*WHAT IS EXPECTED*.
What you output must match the entries exactly, apart from the pictures, which are left out.

*DATA SECTION*.
----------

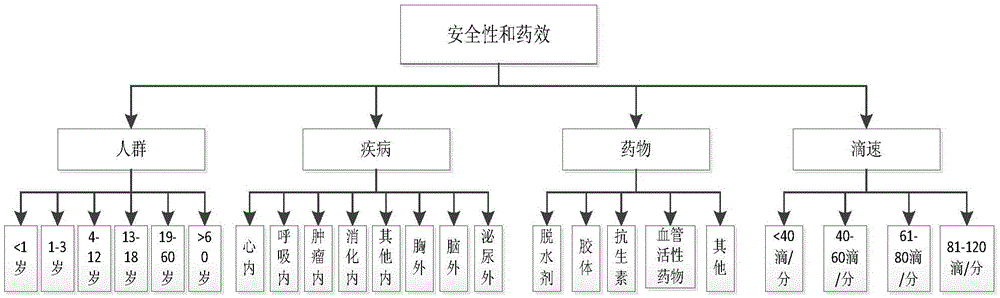 Medical infusion speed evaluation method and system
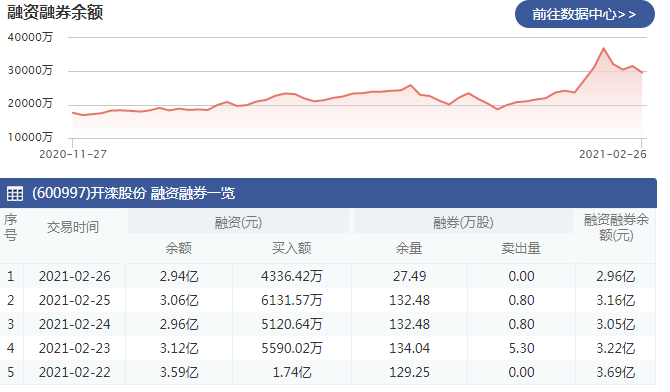 2月26日开滦股份(600997)融资融券数据信息 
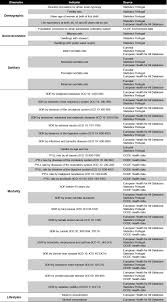 The new msn, your customizable collection of the best in news, sports, entertainment, money, weather, travel, health, and lifestyle, combined with outlook, facebook. The Health Of The Portuguese Over The Last Four Decades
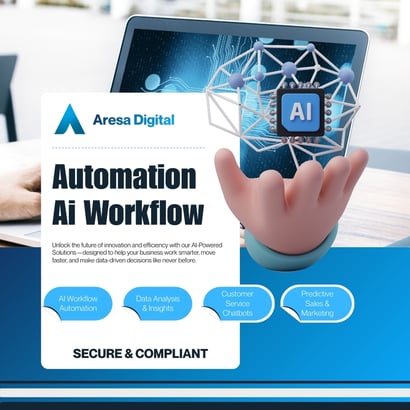 Portofolio automation ai workflow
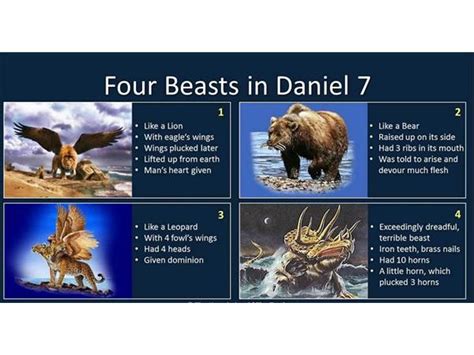 Gods Prophetic Timeline Daniel 37 The Vision Of The Four Beast 10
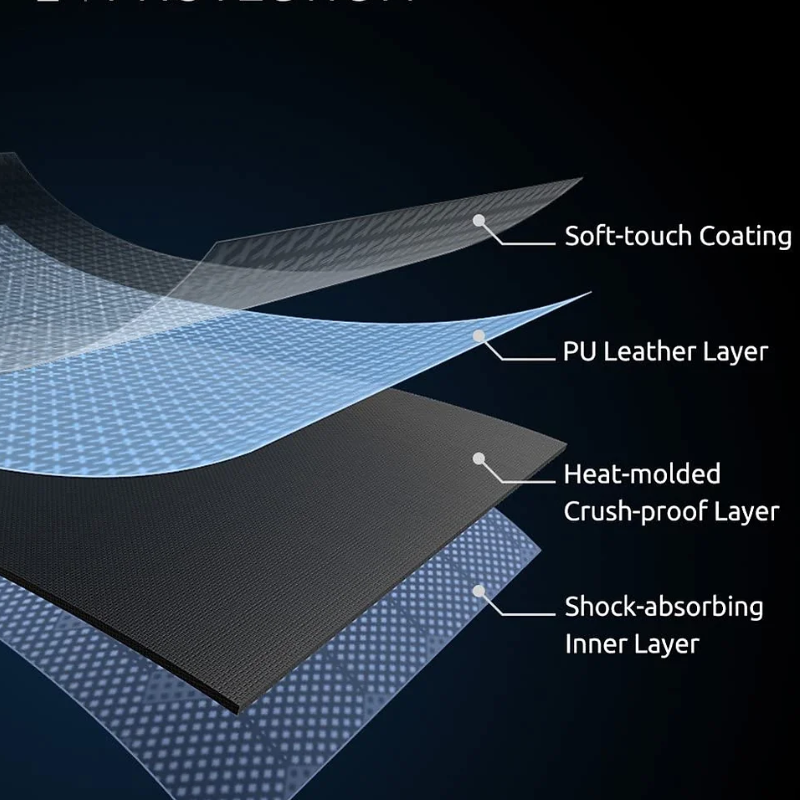 Geantă de Protecție pentru Laptop 13-14", Antishoc, cu Mâner și Fermoar, Impermeabilă [5]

----------

*ANSWER BELOW*.
 Medical infusion speed evaluation method and system
 2月26日开滦股份(600997)融资融券数据信息 
 The new msn, your customizable collection of the best in news, sports, entertainment, money, weather, travel, health, and lifestyle, combined with outlook, facebook. The Health Of The Portuguese Over The Last Four Decades
 Portofolio automation ai workflow
 Gods Prophetic Timeline Daniel 37 The Vision Of The Four Beast 10
 Geantă de Protecție pentru Laptop 13-14", Antishoc, cu Mâner și Fermoar, Impermeabilă [5]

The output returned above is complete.